Telus, one of Canada’s largest telecommunications providers, is reportedly investigating a potentially major breach of its systems after a threat actor posted samples online of what the person claimed was sensitive data from the company.
The leaked data included what the adversary alleged was a sample of employee payroll records, source code from the telecom firm’s private GitHub repositories, and other information.
In a post on BreachForums, according to reports, the threat actor offered for sale an email database purporting to contain the email addresses of every employee at Telus. The price for the database was $7,000. Another database, supposedly containing payroll information of the top executives at the telco, including its president, was available for $6,000.

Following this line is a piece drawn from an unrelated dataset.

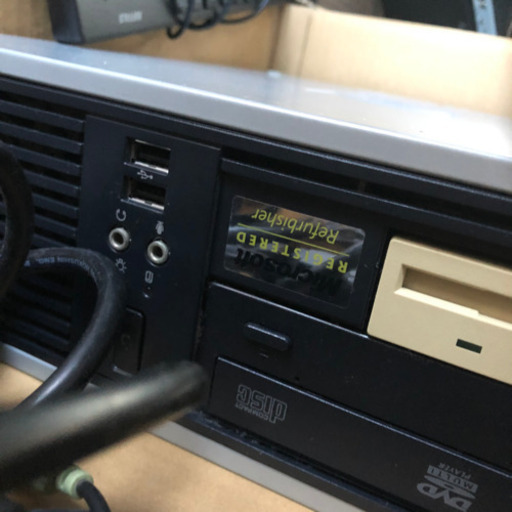 急募‼️デスクトップ型パソコンお値下げ可能です‼️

The threat actor also offered for sale, for $50,000, a data set that the person claimed included more than 1,000 private GitHub repositories belonging to Telus. The source code available for sale apparently included an API that would allow an adversary to do SIM-swapping — a process where attackers hijack another individual’s phone by transferring the number to their own SIM card.
A Full Breach?
“This is the FULL breach,” the alleged hacker wrote in the post of BreachForums. “You will receive everything associated with Telus,” including complete subdomain lists and screenshots of active sites, the post went on to say. It’s unclear whether any of the data that the alleged attacker appeared to have is authentic or belonged to Telus, as claimed. The service provider did not respond to multiple Dark Reading requests for comment.
That said, IT World Canada quoted a Telus spokesman as saying the company is currently investigating claims about a “small amount of data” related to the company’s source code and certain employees being leaked on the Dark Web.
If the breach at Telus happened as the threat actor claimed, it will be the latest in a string of attacks that have targeted telecom firms recently. Just since the beginning of the year, attackers have breached multiple major telecommunications firms including three of Australia’s largest: Optus, Telestra, and Dialog. And earlier this month, researchers at SentinelOne reported observing a previously unknown bad actor targeting telecom firms in the Middle East in what appeared to be a cyber-espionage campaign.
Analysts believe a couple of factors are driving the trend. The widespread and growing use of mobile devices for multifactor authentication (MFA) for instance has put a target on telecommunication companies and their networks. Financially motivated cybercriminals looking to access online accounts have also begun to increasingly target telecom providers in so-called SIM-swapping attacks to hijack phones and intercept SMS authorizations for two-factor authentication.
Another factor — a long-standing one — that has made telecom companies a big target is the opportunity they provide for adversaries to surveil people of interest. There have been numerous incidents in recent years where state-sponsored threat actors from countries that include Iran, Turkey, and China have broken into a telecom network to, among other things, steal call-data records for monitoring conversations of targeted individuals and groups.